Supongo que habrán respondido a todas las preguntas, pero tengo la certeza de que lo han hecho después de meditar varios segundos en cada una de ellas. Sin duda son muchas las cosas que queremos olvidar de nuestras vidas, estoy seguro de que nadie lleva la cuenta de las veces que ha negado un recuerdo –aún cuando son varias las personas que insisten en haberte visto hacerlo u oído decirlo–, comprendo que no sabemos cuál es nuestro recuerdo más antiguo y que uno a uno estos se enciman en un entramado temporal incomprensible; y, por último, les confirmo que no podemos olvidar lo que no nos gusta.

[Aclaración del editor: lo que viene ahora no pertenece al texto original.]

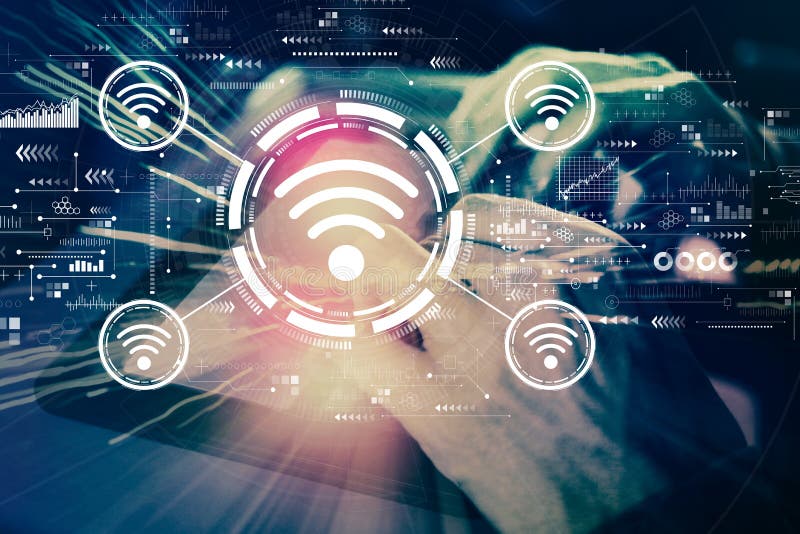 Wifi theme with man using tablet royalty free stock photography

Pero, ¿a qué todo esto?, por qué los torturo y me torturo con estas preguntas, por qué motivo a que su incontrolable memoria se dispute incesantemente en una lucha de recuerdos, y por qué, me dirán, les hablo ahora de la memoria y de los recuerdos. Sencillo, porque la lectura reciente de un cuento que trata ese tema me ha puesto a pensar sobre él y he llegado a muy interesantes reflexiones al respecto.

El cuento al que me refiero es “Miss Amnesia” (que puede leer aquí), breve narración incluida en la antología La muerte y otras sorpresas, del uruguayo Mario Benedetti. Pues bien, sin entrar en mayores detalles –pues lo obvio sería que leyesen la obra y no que yo se las platicase–, el cuento narra como una bella joven (Miss Amnesia) aparece sin explicárselo en el centro de una plaza pública. Lo interesante es que ella no logra recordar nada, tan sólo los nombres y las funciones de las cosas, cuestión por la que comienza a interesarse en el ambiente. Lo siguiente, un galante caballero se acerca y, tras breve charla, la invita a su departamento, lugar del que ella sale horas después decepcionada y corriendo de regreso hacía la plaza, lugar donde todo vuelve a comenzar, donde de nuevo despierta sin un solo recuerdo. Bueno, sólo uno, el de las cosas que la rodean.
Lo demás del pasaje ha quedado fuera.